12.17.2004

...thus, note carefully what Crane is saying here : the ultimate criterion of poetic value is its lastingness, the perennial quality of its beauty and interest.

If true, this should make us revise our notions of literary tradition and development. Not to say that there are not productive advances in literary forms, or that the canon is a fixed collection of past classics. (As Crane points out, Aristotle might have found King Lear a more complex & interesting example of tragic poetry than Oedipus.)

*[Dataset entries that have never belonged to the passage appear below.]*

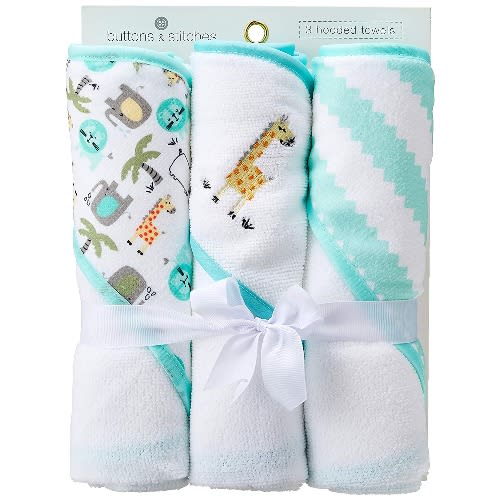 Buttons And Stitches - Infant Hooded Towel - 3 Packs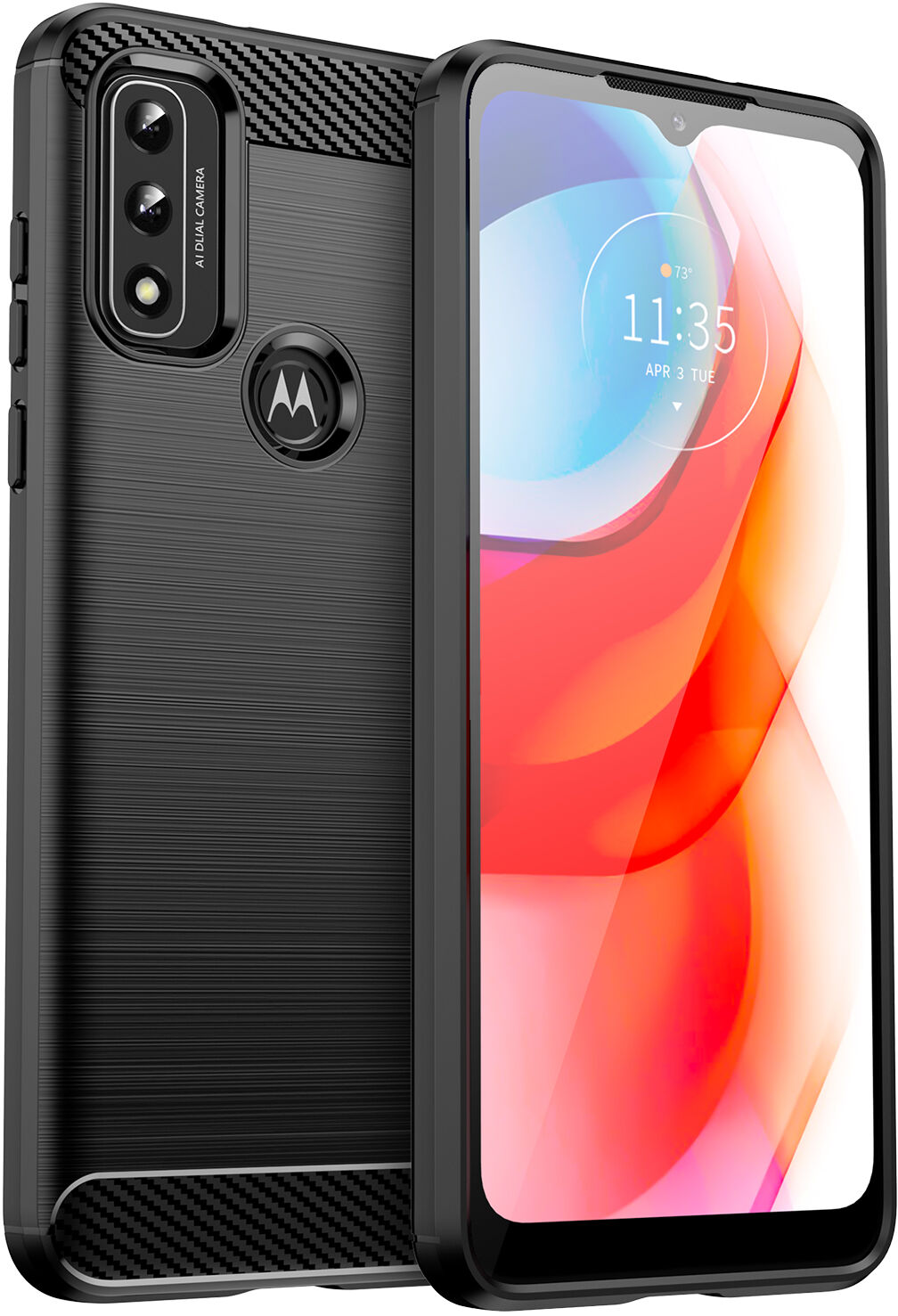 Carbon Case elastyczne etui pokrowiec Motorola Moto G Play 2022 czarny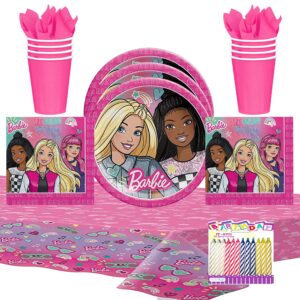 barbie dream together party supplies pack serves 16: 9" plates luncheon napkins cups and table cover with llilykai birthday candles multicolor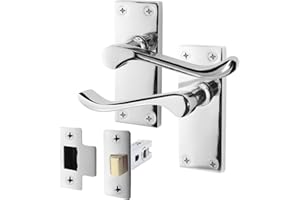 EAI Polished Chrome Victorian Scroll Door Handle Latch Set | 1 Pair of Internal Lever Handles on Backplate & Latch (64mm)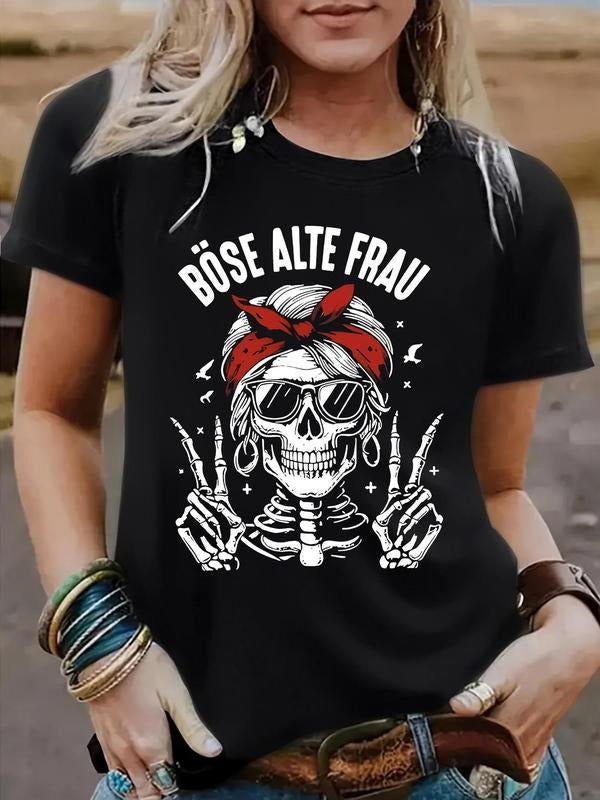 Women'WB shield Skull Print Round Neck Tee, Vintage Trendy Casual Short Sleeve T-shirt for Daily Wear, Ladies Summer,...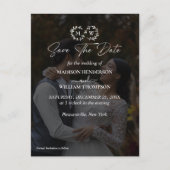 Moderne Zwart & Wit Huwelijksfoto Sla de datum op Briefkaart (Voorkant)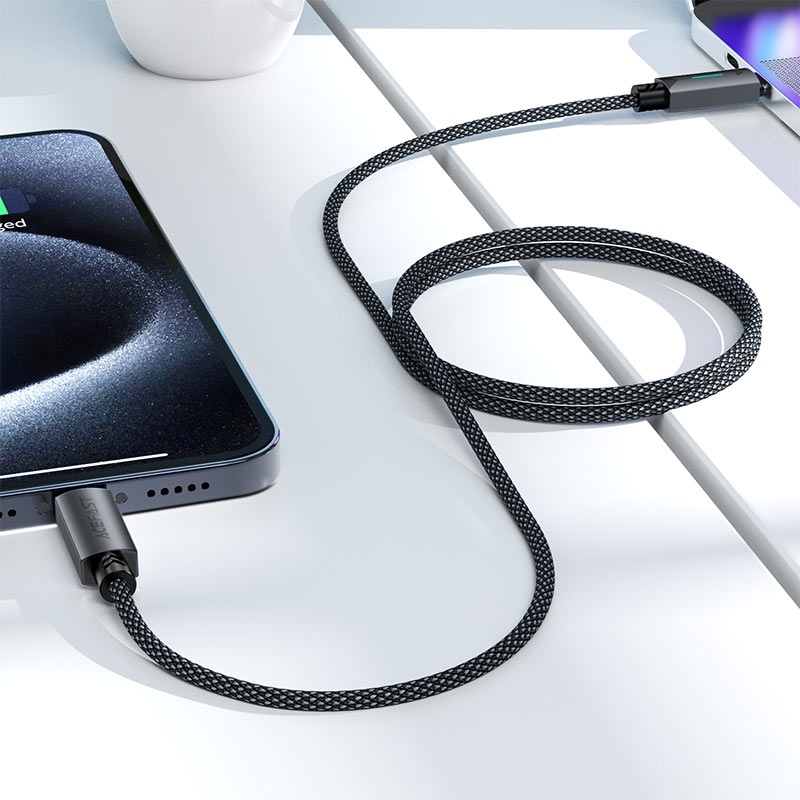 Кабель USB 2.0 Type-C M-M, 1.2 м 60W, Black, C19-03 Acefast (6974316284475) Чорний на малюнкі №7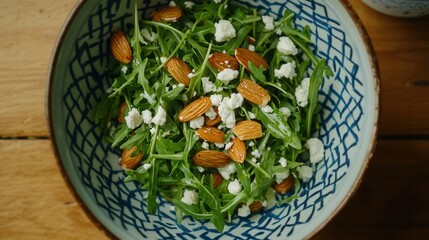 Arugula Salad with Toasted Almonds and Feta Cheese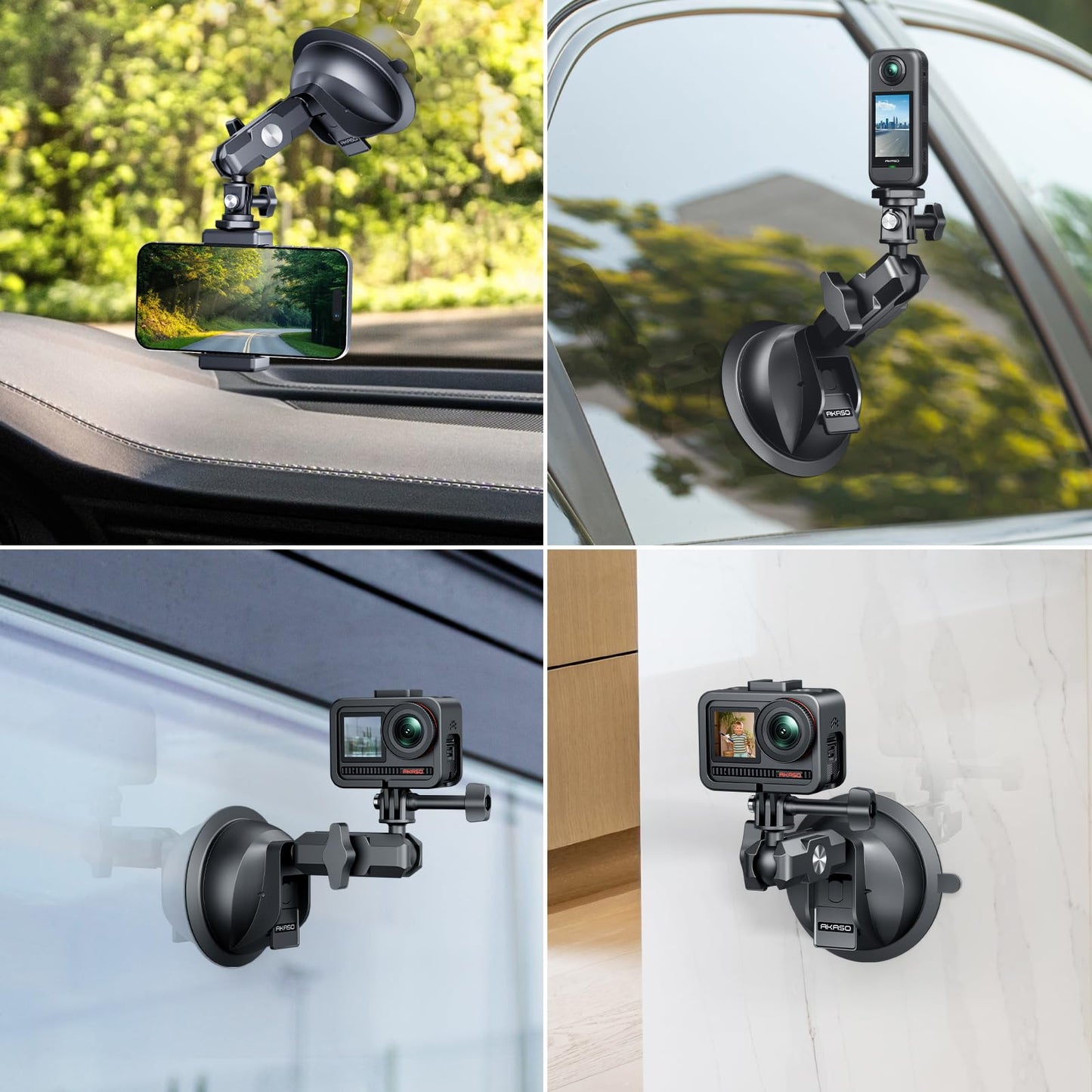 AKASO Suction Cup Car Mount with Phone Holder for GoPro Hero 13 12 11 10 9, Insta360 X5 X4 X3, DJI Action, Osmo 360, 360, EK7000/EK7000 Pro, Brave 4/4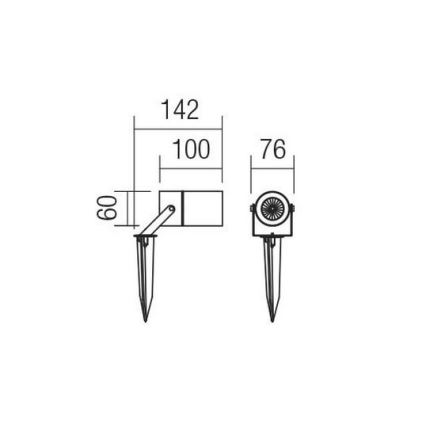 Redo 90183 - Екстериорна лампа PIT 1xGU10/35W/230V IP65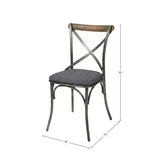 LH Home Metal Crossback Chair with Grey Fabric Seat Cushion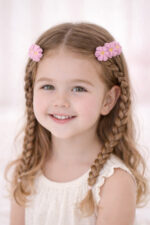 %100 Pamuk El Yapımı Örgü 2'li Çiçek Çıtçıt Toka – Bebek & Kız Çocuk Saç Aksesuarı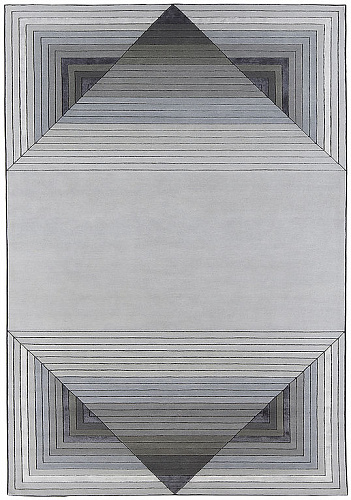 Grey Geometric Wool / Viscose Rug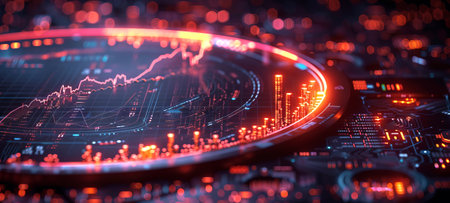 Advanced futuristic circular financial graph with glowing lines and stock market data on dark...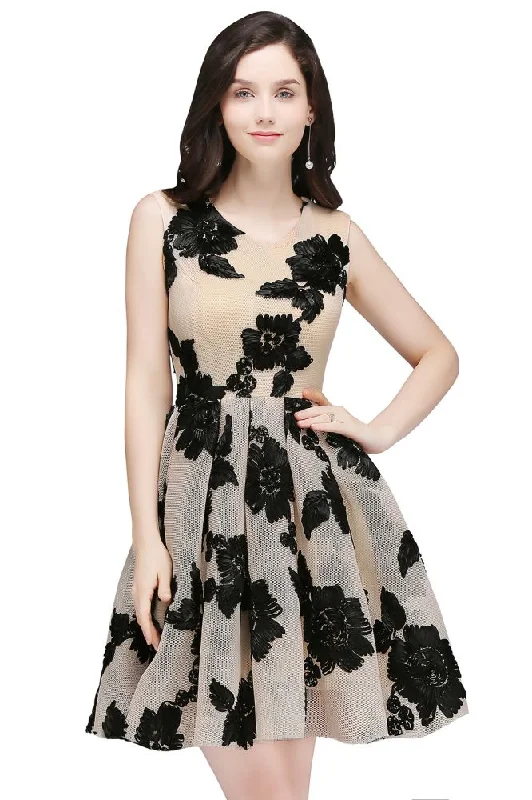 A-line Short Tulle Nude Chic Homecoming Dresses with Flowers Tunics Occasion special
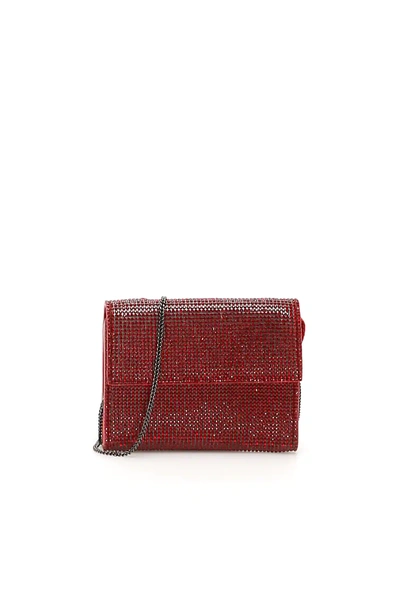 Shop Marco De Vincenzo Crystal Wallet With Chain In Red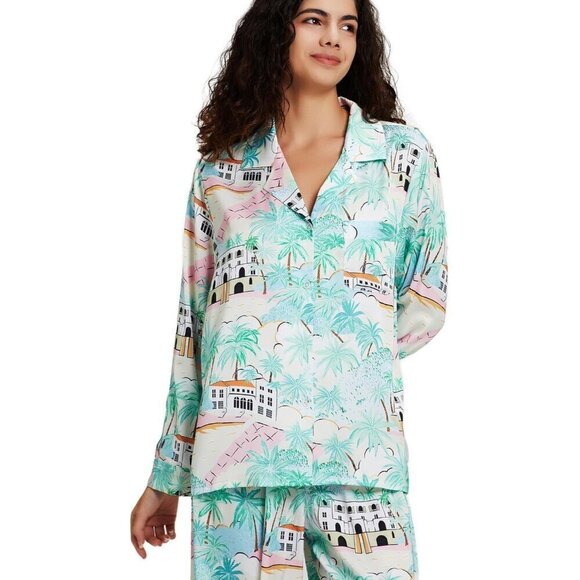 Women Green Silk Satin Pajamas Set Button Down 2 Piece Pjs Long Sleeve Oversize - Picture 6 of 7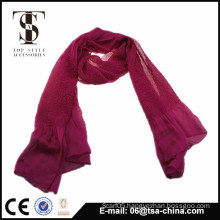 100% polyester rose red sheer light weight Summer shawl scarf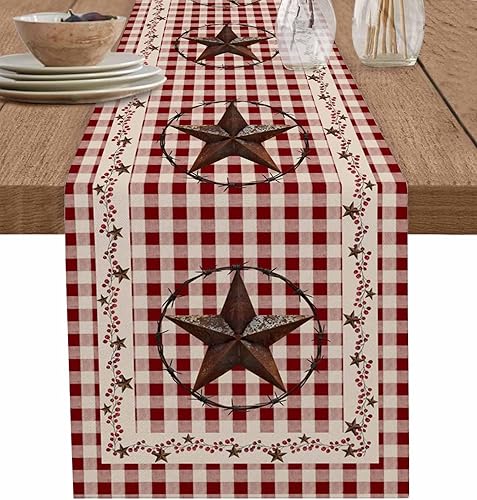 Camino de mesa vintage de lino y algodón occidental, con marco de granja y estrellas de bayas y vides, 13 x 90 pulgadas, decoración de cocina,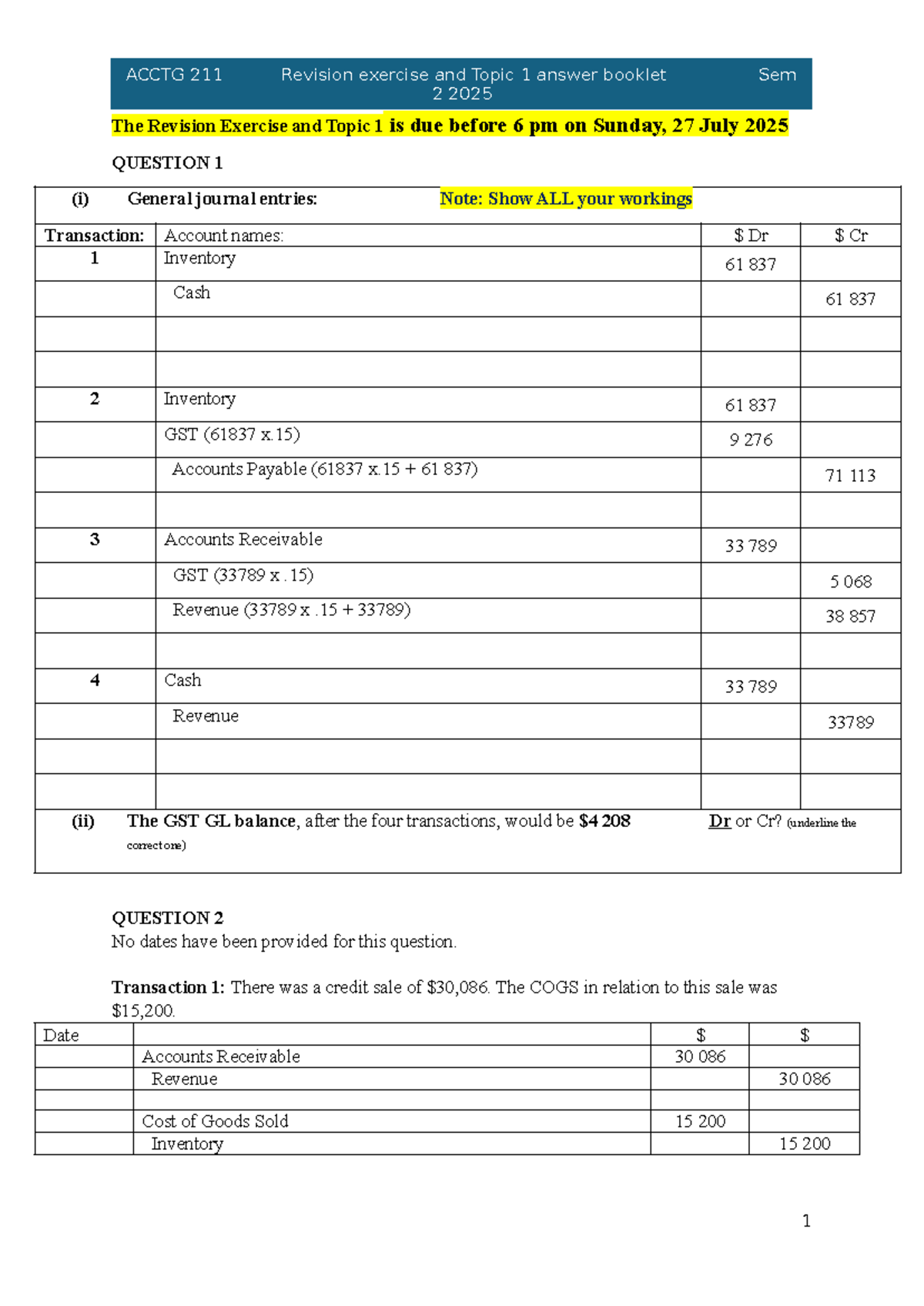 ACCTG 211 Revision Exercise & Topic 1 Answer Booklet 2025 Sem - Studocu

It is to say, however, that beauty is the criterion, which subsumes both pleasure & instruction. The criterion is not merely formal or aesthetic in an exclusionary sense - it's probable that ethical, moral & political values will inform our notion of the beautiful. But poetry also has its own scale of inherent expressive values - originality, elegance, rightness, clarity, eloquence, etc. - which make up the beauty of the work as a whole.

If beauty is the criterion, the critic will have to shun polemics and special pleading of every kind. Claims of novelty, "experiment", marginality, "progressiveness", political relevance, etc., are all partial claims, which - if not related to the final cause and the ultimate criterion (lasting beauty) - actually fall outside the realm of critical judgement.

With these things in mind, maybe readers can begin to distinguish for themselves between general "poetry business" (promotional activities of the entrepreneurial or socio-political kinds), and genuine criticism.